9. We have also noted that there is a substantial amount of harvested roots that are not certified (Table 7). The States do not explain the reason for the difference (such as whether such roots did not meet the minimum 5-year age requirement), and we will consult with them to determine how such discrepancies occur and what implications they have for ginseng conservation.
10. We will encourage additional States to develop a process for separately reporting the quantities of wild-simulated and woods-grown ginseng versus wild-harvested ginseng for export. As noted above, the increase in the quantity of wild-simulated and woods-grown ginseng, and the interest of landowners in growing wild-simulated ginseng, may affect harvested amounts reported and affect the harvest trends for a particular State by masking the actual changes in harvest levels for truly wild ginseng. Furthermore, these categories of roots are not readily distinguishable from each other (truly wild versus wild-simulated versus woods-grown) by port inspectors, which represents an enforcement concern.
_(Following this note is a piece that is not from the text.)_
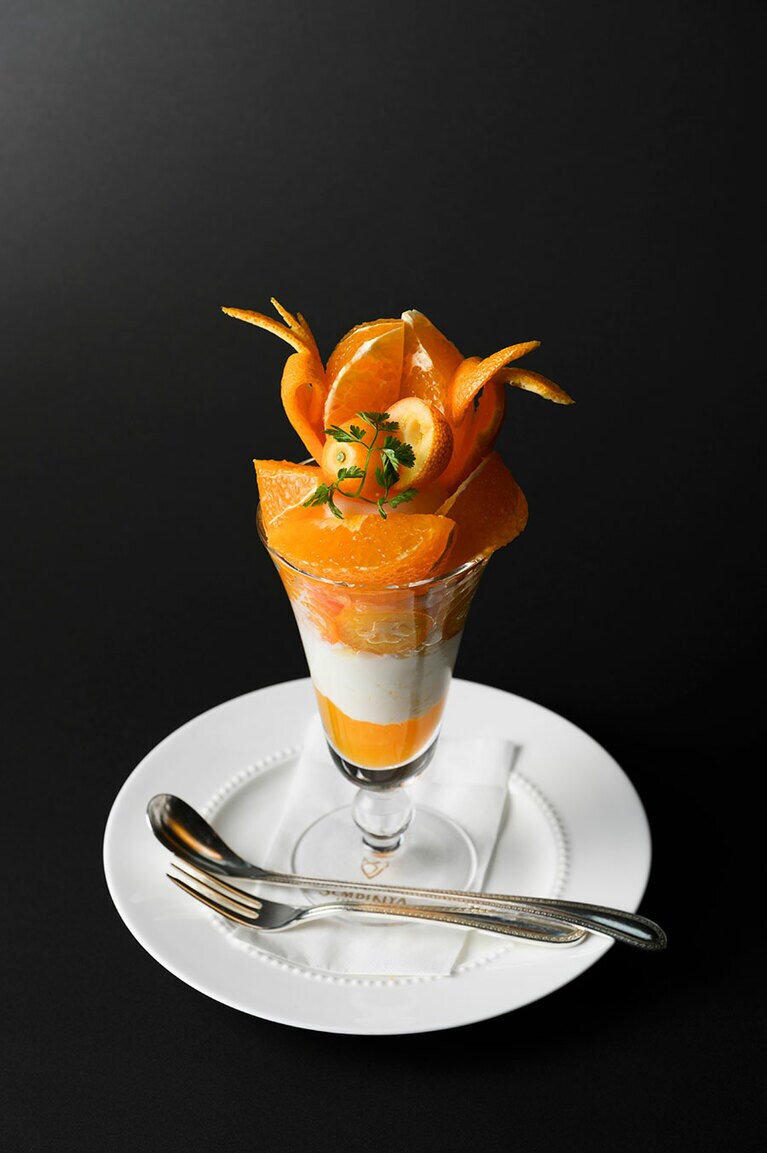 「大将季と春姫のパフェ」（3,300円）。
Therefore, in future years all of these categories will be considered "wild" for CITES purposes, since none qualify to be treated as artificially propagated under CITES requirements for such a designation.
11. We will consider and discuss with the States and Federal land-management agencies the possibility of increasing the minimum age of roots for harvest, to ensure that plants are allowed to reproduce adequately before harvest.